Clinical question
What is the evidence-based approach for treating a patient with chronic insomnia, and what should I do if they use sedatives to treat chronic insomnia?
Bottom line
Chronic insomnia is prevalent among adults and can exert deleterious effects on a patient’s physical, emotional, cognitive, and social well-being. Cognitive behavioural therapy for insomnia (CBT-I) is an effective but underused first-line treatment for chronic insomnia. Cognitive behavioural therapy for insomnia is effective both in person and remotely via telemedicine, apps, or the Internet. Despite guidelines recommending nonpharmacologic methods as the primary strategy to treat chronic insomnia, medications are frequently prioritized as first-line treatment. Patients often use sedatives to help them sleep; however, sedatives can cause harm including falls, hip fractures, cognitive deficits, dependency, and mortality from overdose. Clinicians should prioritize the use of CBT-I and initiate conversations about minimizing the use of sedatives for chronic insomnia.
Evidence
Scope and impact of chronic insomnia. Insomnia may manifest as 1 or more sleep disturbances, including difficulty initiating or maintaining sleep and early waking with difficulty falling asleep again. Insomnia is considered to be chronic if sleep concerns are present 3 or more times per week for 3 months or longer.1 Individuals with chronic insomnia often have decreased quality of life, depressed mood, and decreased ability to function in the workplace and in society.

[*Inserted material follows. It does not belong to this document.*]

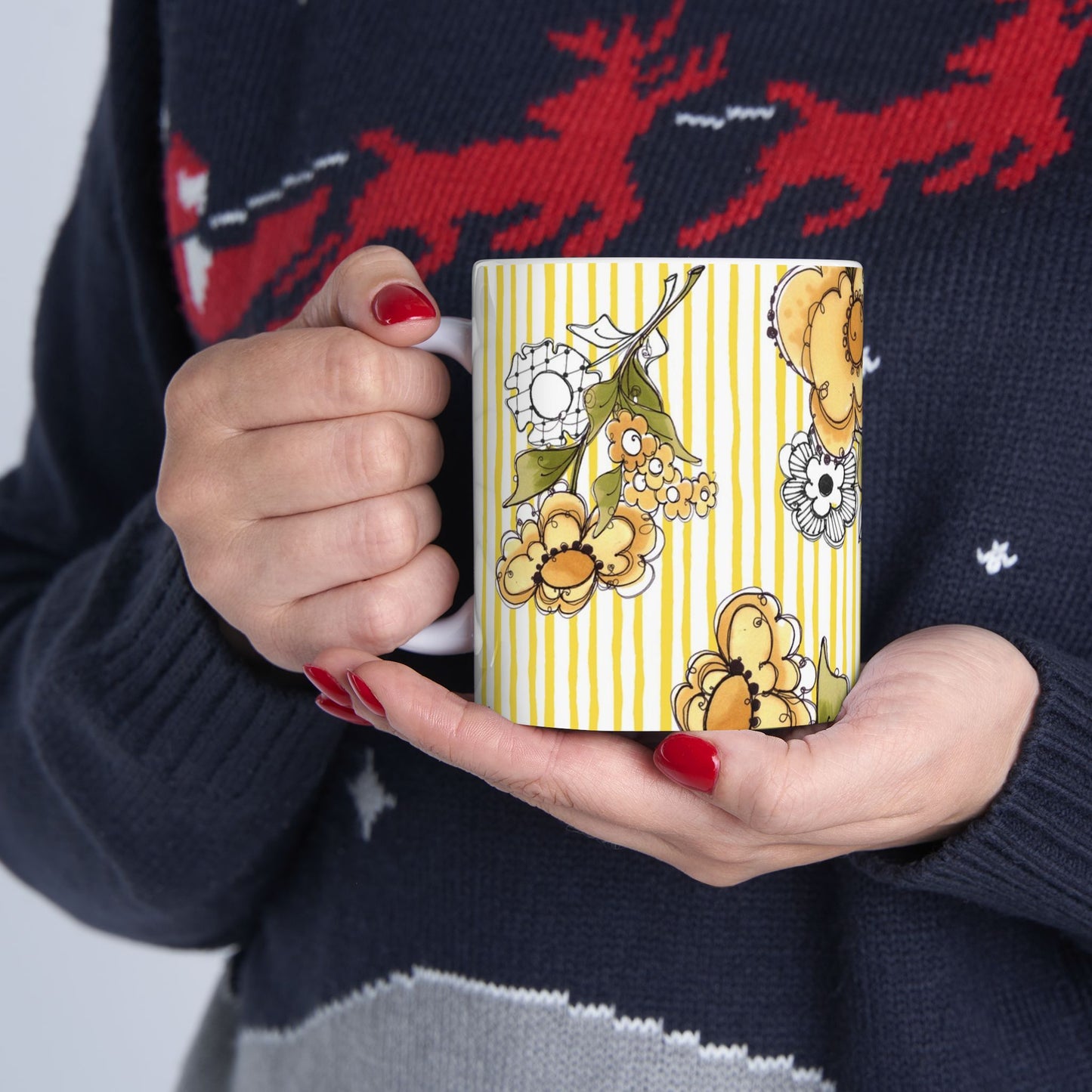 Bee Floral Stripe White / Yellow Cup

Societal impacts of chronic insomnia include increased rates of disability and increased health care use.2 Insomnia is one of the most common health concerns in Canada, with a prevalence of 18.1% in men and 29.5% in women.3 The economic impact of insomnia is substantial, with $1.9 billion in direct costs in Canada in 2021 alone.3
Risk factors for insomnia include common chronic conditions such as chronic pain, heart failure, chronic obstructive pulmonary disease, and mental illness.4-7 Successful sleep management can occur only with optimization of comorbid conditions that contribute to insomnia.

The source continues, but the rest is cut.